Short text fragments from websites:
-*-*-

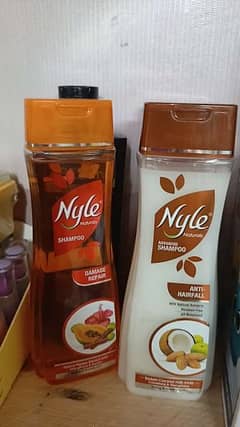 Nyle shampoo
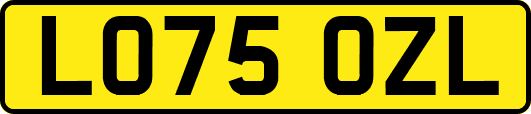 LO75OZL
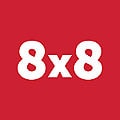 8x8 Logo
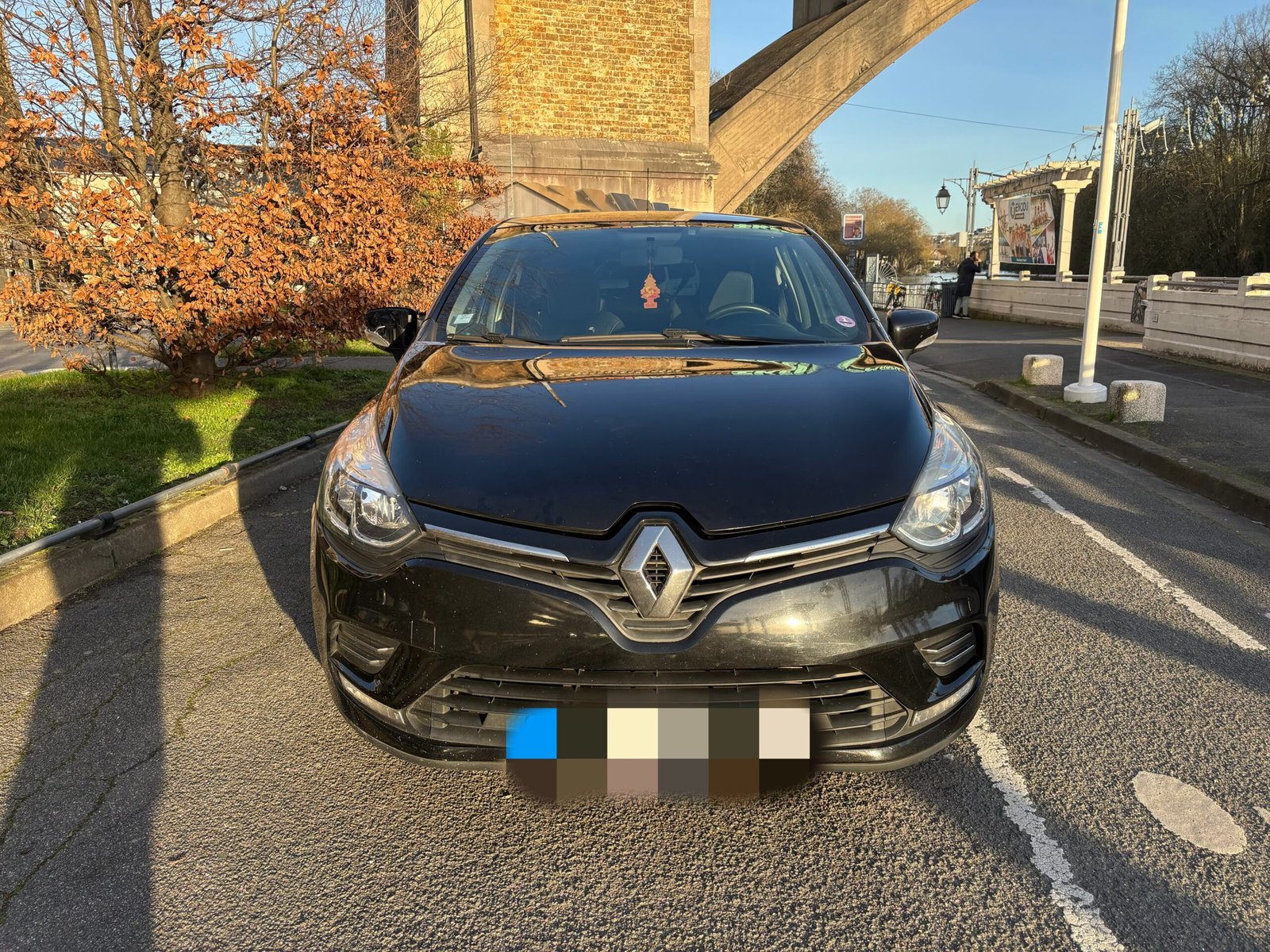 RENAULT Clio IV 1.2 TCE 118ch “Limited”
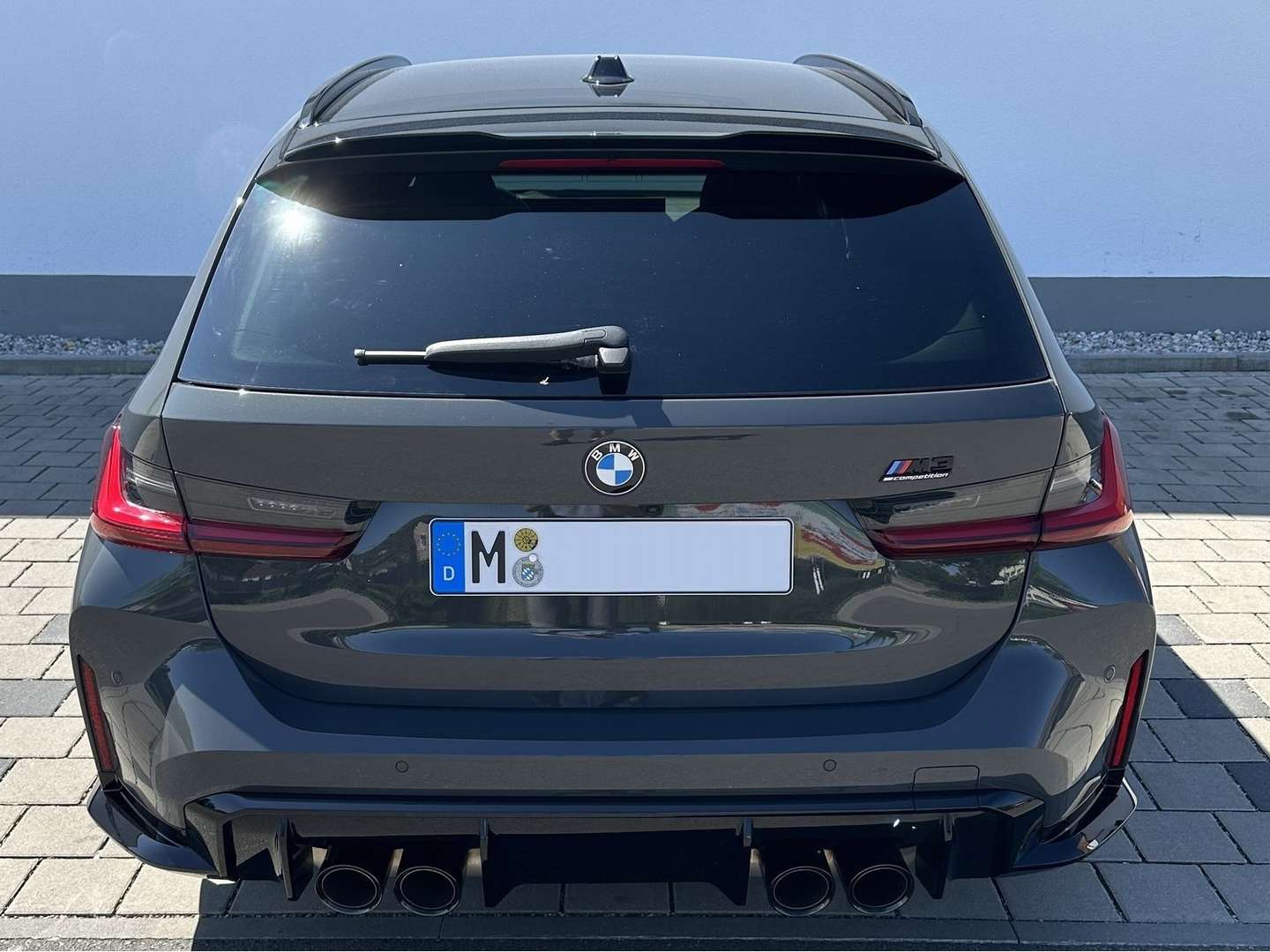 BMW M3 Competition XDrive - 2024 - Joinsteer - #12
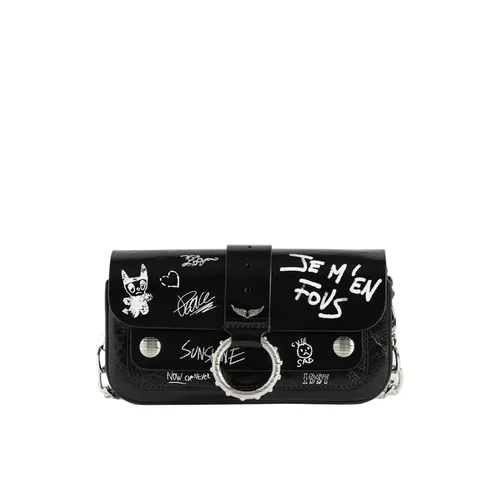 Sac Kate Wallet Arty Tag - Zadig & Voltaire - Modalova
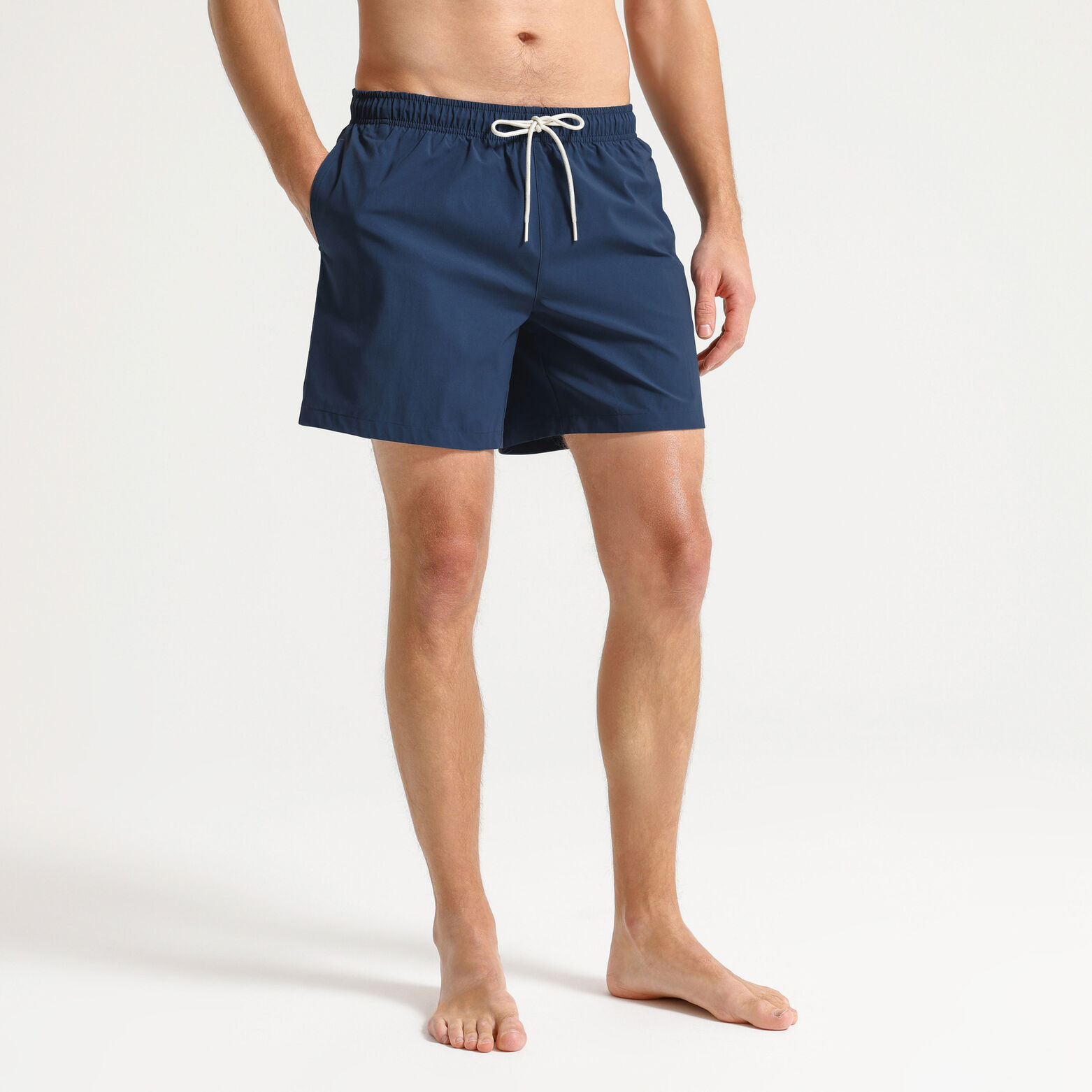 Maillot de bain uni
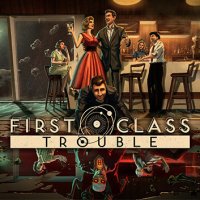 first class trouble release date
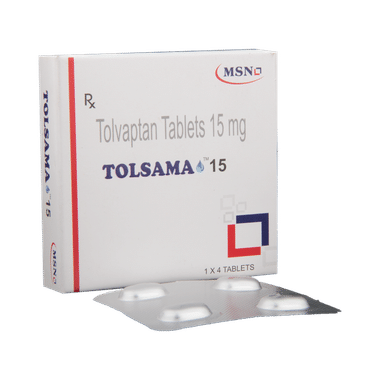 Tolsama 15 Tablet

-*-*-

● Task prompt: Reproduce precisely the lines of the entries above, from the one containing "first class trouble release date" through the final one, both ends included, and omit the pictures.

● Solved problem:
 first class trouble release date
 Tolsama 15 Tablet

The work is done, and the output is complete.